On Swinging Both Ways: Fannish and Pro

by Kass

Assorted list conversations have me thinking about the fannish-vs-pro dichotomy again. As someone who writes both "pro" stuff (poetry and nonfiction) and fannish stuff (mostly Sentinel fiction so far), I bristle when people hint that one's better than the other, or that a writer must needs declare an allegiance to one over the other.

Put me in a room with high-minded literary types who denigrate fanfic, and I'll rise valiantly to its defense. Fanfiction puts narrative back in the hands of the people! It's a folkloric art! It helps us go from being passive consumers of media to active participants in creating the archetypes of our culture! It gets people, especially women, writing and discovering their creative voices! It's all postmodern and pastiche-y and is therefore very intellectually stimulating! Smart people do it! The Henry Jenkins references fly fast and furious, because I really do think fanfiction is a valid art form.

But put me on a list with someone who suggests that pro writing is emotionally void and deadline-driven, but fanfiction is meaningful because it's done in community for free...well. Then I get all livid in the other direction. What’—so someone who cooks beautiful food at home for her friends is an artist, but someone who cooks beautiful food at a restaurant for strangers is a hack, because the fact that she's getting paid makes her somehow mercenary?

And besides, fandom isn't some kind of perfect community in which stories are written as selfless gifts or received with glowing praise and open arms. This ain't utopia. Any given fandom includes at least several different communities. As does any branch of the so-called literary world.

In my experience, the more active one is in the literary world, the more it's like fandom. I'm on poetry discussion and criticism lists, just like I'm on fanfiction discussion and criticism lists. Both worlds have BNFs. Both worlds have some good writers and some bad ones, some writers who are open to criticism and some who aren't, some writers who consider themselves as part of a matrix of community and some writers who don't want to deal with their readers.

And how is having an editor demanding one's next book any different from having eager fans clamoring for sequels? Publishing houses pay, which is a point in their favor. Then again, my readership may be larger for my Sentinel smut than it will ever be for my poems. So what? None of this makes one world necessarily better than the other.

I guess I'm more sensitive to fanwriters denigrating pro/literary writing than I am to pro/literary writers denigrating fanfiction’—maybe because many of the literary writers I know aren't actually aware of fanfiction, whereas it's impossible for fen to not-be aware of the pro writing world. I've never actually heard literary types insulting fanfic, so I've never had to rise to its defense’—although I'm ready to do so at a moment's notice. In contrast, I have heard fans knocking pro writing. Which bums me out, because it makes me feel like (since I was a "literary" writer before I found fandom) I don't belong here as much as the lifetime fen do.
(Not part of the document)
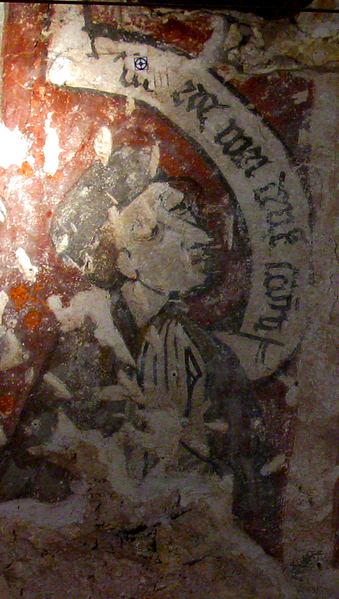 Domniemany wizerunek J.Długosza na fresku z XV w w Domu Długosza w Wiślicy (fot. Maciej Szczepańczyk/Wikipedia).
Do I personally privilege one kind of writing over the other? Sometimes. Poetry was my first love, and it's still my primary writing passion, even though today I'm also writing liturgy and nonfiction and fanfiction. So yes, when my time is short, sometimes I focus on the poems, because they're nearest and dearest to my heart. But when I do that, I'm focusing on them to the exclusion of all of my other genres, not just to the exclusion of fanfiction.

Do I wish that my favorite fan-writers would write for pro publication? Sometimes. I'm a bona fide bibliophile, and I'd love to see actual books by my favorite fan authors. I'd love to see them getting recognition in that world, as they do in this one. I'd love to see what they'd come up with if they were designing their own frameworks. But that doesn't mean I want them to stop writing fanfiction; far from it! Ye gods, what would I do without their Sentinel and due South (and sometimes Stargate and sometimes Buffy and sometimes Harry Potter) stories to liven my universe? It's just that swinging both ways on this issue comes so naturally to me that I can't entirely imagine why everyone else wouldn't want to do both, too.
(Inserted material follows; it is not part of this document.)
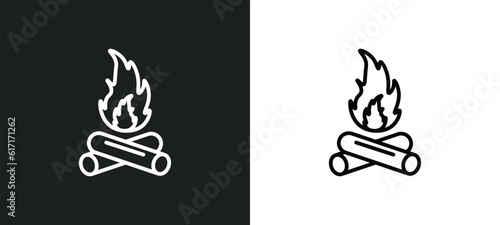 camping bonfire line icon in white and black colors. camping bonfire flat vector icon from camping bonfire collection for web  mobile apps and ui.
And yeah, sometimes I wonder whether in a world with so much injustice we're wasting valuable creative energy on fanfiction when we could be out there working to fix things’—but sometimes I wonder whether my poetry and essays are a waste of energy, too. I think that's a writer-vs-activist thing, having nothing to do with the fannish-vs-pro distinction.

If you ask me, both fanfiction and pro/literary writing are valuable and should be valued. Are different writing skills involved? Sure. Destina posted some good stuff in her blog a while back, about the complex set of muscles involved in writing good fanfiction. Yes, admittedly, some of those skills are different than the skills one might use in pro fiction, or in other "literary" genres. But different pro/literary genres also have unique skillsets. So why isn't fanfiction just considered another genre; why do so many of us seem to have a chip on our shoulders about fanfiction's supposed inferiority or superiority?

Maybe because what we're doing here is technically illegal, while poems and novels and essays and articles are protected as free speech. So either we feel guilty because we have to skulk around, or we think we're freedom fighters for flaunting stupid copyright laws.

I'm not sure the legality factor is going to change anytime soon. But I think closeting ourselves’—in either world’—doesn't help the cause. So if you're into both, speak out! Let your pen (or your keyboard) swing freely!